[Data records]
____________

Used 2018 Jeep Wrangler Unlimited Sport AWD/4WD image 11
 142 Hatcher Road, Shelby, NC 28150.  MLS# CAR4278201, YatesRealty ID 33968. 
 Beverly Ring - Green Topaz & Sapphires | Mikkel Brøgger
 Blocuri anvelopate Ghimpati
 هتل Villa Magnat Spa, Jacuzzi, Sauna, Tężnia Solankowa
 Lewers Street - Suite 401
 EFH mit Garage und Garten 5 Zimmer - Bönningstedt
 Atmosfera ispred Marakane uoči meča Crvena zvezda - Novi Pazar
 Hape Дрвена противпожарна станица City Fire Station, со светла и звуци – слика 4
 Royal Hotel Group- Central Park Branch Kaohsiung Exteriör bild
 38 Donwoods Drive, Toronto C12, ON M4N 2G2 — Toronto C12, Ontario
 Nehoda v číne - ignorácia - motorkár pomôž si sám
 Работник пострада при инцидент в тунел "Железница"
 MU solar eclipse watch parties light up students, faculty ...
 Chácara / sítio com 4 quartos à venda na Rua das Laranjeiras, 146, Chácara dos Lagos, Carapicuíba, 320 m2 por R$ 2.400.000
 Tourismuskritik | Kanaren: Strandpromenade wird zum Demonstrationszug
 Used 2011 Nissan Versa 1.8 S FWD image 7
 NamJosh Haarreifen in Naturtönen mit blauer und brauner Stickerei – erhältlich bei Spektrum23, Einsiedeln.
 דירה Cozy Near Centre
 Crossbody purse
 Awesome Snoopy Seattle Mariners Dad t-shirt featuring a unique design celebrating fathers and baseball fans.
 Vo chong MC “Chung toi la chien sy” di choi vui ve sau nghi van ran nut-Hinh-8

____________

Look through the data above for lines holding the word "image". State how many there are and nothing else.

- TASK RESPONSE -
2